▶ **TASK REQUIREMENTS**: As soon as the line containing "Комплектующие для техоборудования" appears, start repeating lines exactly and continue to the end of the entries; please skip pictures.

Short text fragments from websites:
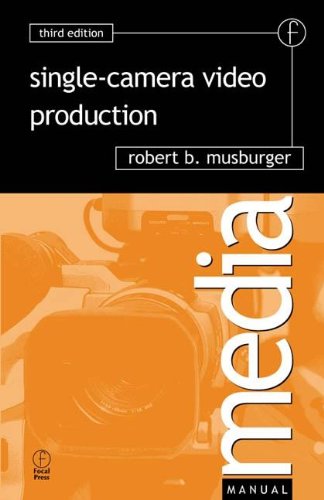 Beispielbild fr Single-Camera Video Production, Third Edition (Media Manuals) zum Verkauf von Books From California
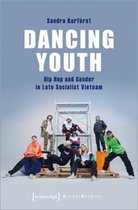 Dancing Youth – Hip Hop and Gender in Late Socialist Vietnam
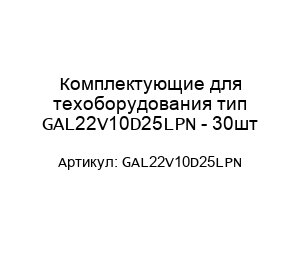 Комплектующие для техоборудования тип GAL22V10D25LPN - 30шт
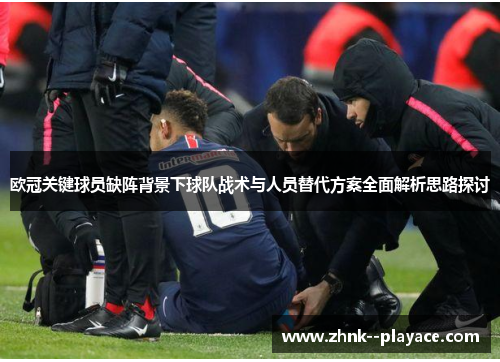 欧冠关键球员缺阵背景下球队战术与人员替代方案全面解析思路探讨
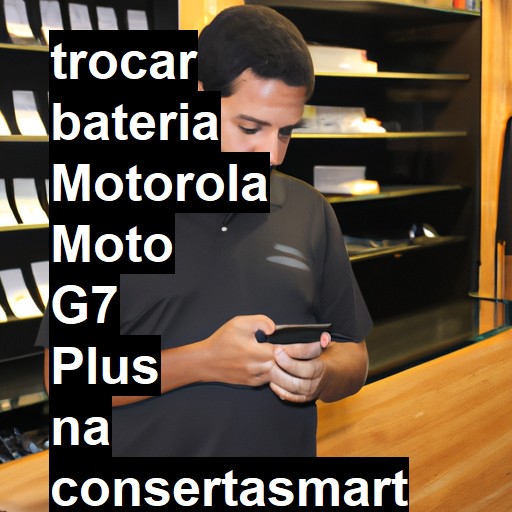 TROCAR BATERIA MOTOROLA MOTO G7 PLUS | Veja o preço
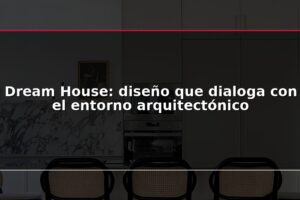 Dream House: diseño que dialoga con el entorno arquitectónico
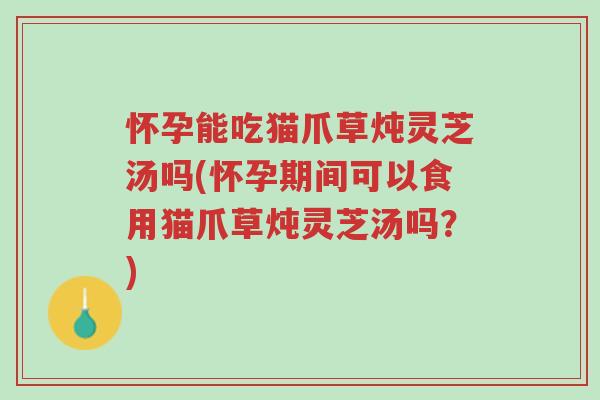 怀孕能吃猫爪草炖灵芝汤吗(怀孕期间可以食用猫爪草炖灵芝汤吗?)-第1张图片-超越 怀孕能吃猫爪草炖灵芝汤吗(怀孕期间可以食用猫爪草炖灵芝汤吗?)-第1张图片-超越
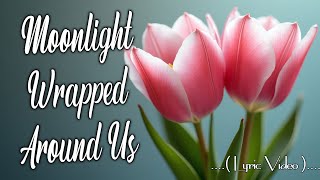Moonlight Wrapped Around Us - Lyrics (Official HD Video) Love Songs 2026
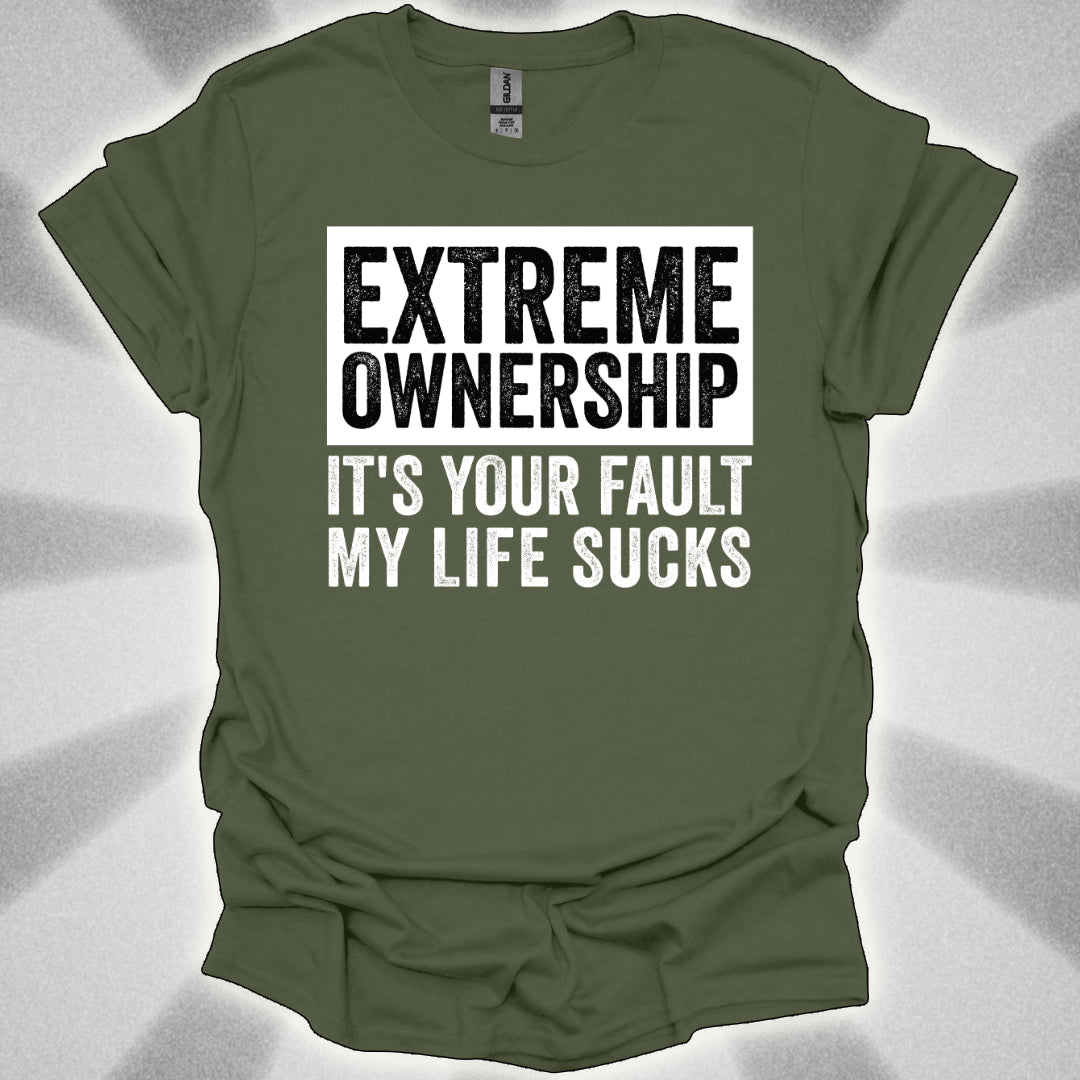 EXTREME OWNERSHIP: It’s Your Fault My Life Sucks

▶ **OUTPUT FOR THIS EXERCISE**:
 Комплектующие для техоборудования тип GAL22V10D25LPN - 30шт
 欧冠关键球员缺阵背景下球队战术与人员替代方案全面解析思路探讨
 TROCAR BATERIA MOTOROLA MOTO G7 PLUS | Veja o preço
 Dream House: diseño que dialoga con el entorno arquitectónico
 怀孕能吃猫爪草炖灵芝汤吗(怀孕期间可以食用猫爪草炖灵芝汤吗?)-第1张图片-超越 怀孕能吃猫爪草炖灵芝汤吗(怀孕期间可以食用猫爪草炖灵芝汤吗?)-第1张图片-超越
Moonlight Wrapped Around Us - Lyrics (Official HD Video) Love Songs 2026
 EXTREME OWNERSHIP: It’s Your Fault My Life Sucks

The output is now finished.